In Israel and Hellas, gifted peoples identified themselves with religion and culture. But despite an element of nationalism in each, the trend in both was toward a “universal message” for all men. During the Renaissance, Hellas was reinterpreted for Europe; and it was the function of the Reformation to place strong emphasis on important aspects of Israelitic tradition. But though the centuries in which these stirring changes took place witnessed an intensification of patriotic feeling and, in particular, of delight in vernacular speech, they were not, Professor Kohn believes, eras of simon-pure nationalism. In France, England, and Germany, the movement towards the great nationalistic French Revolution was not a gradual one but a leap to a conclusion. Professor Kohn stresses the emergence of American nationalism after the Revolution, and he is a very effective exponent of the view that the New World did much to reshape the Old.
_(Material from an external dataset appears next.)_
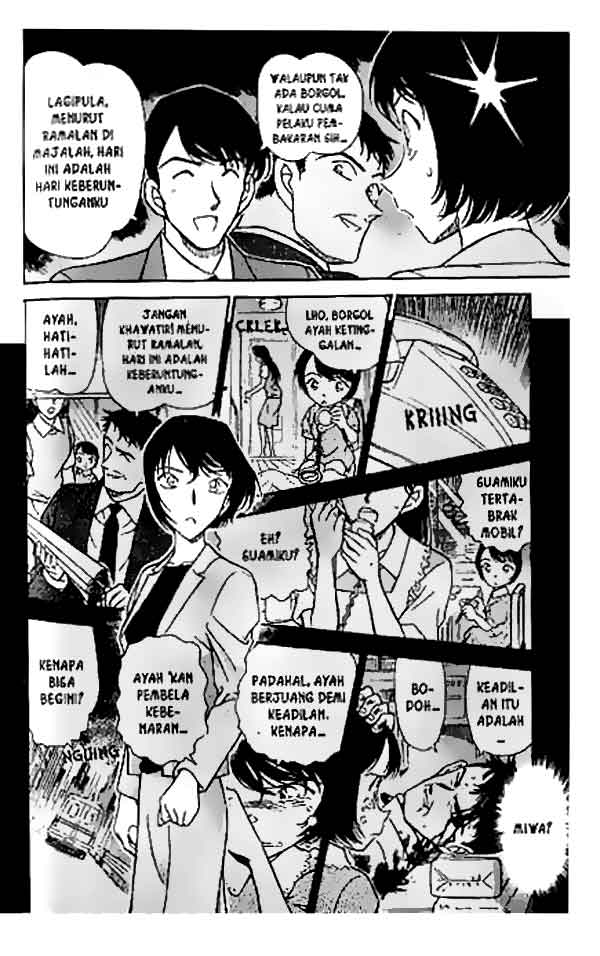 Detective Conan Chapter 267 - halaman 13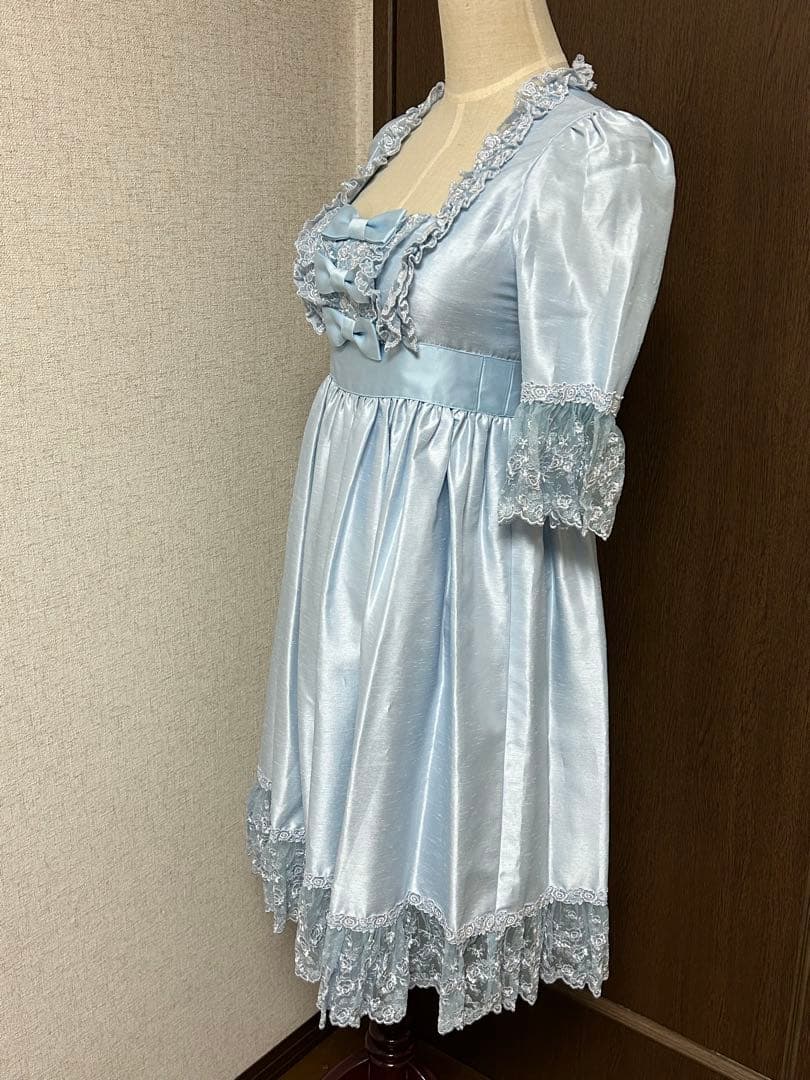 未着用‼︎ JESUS DIAMANTE アントワーヌワンピ　サックス　38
The canvas here is vast, including not only the countries of the West but also those of the Near East and the East. For the most part Professor Kohn carries his story along without bogging down under the weight of allusion, reference, and citation. Despite a few passages which bring traffic to a halt, and a general tendency to stylistic eccentricity, the book is a masterly historical essay which really deserves to be called tolerant and discerning, wellinformed and illuminating. Brilliant passages quite win over the reader by reason of their insight; opposed to them are thin sections that reveal Professor Kohn in the act of succumbing to a thesis.
The book will need revision ten years hence. But for the moment it is the best treatise you can find on an important subject, Macmillan, $7.50.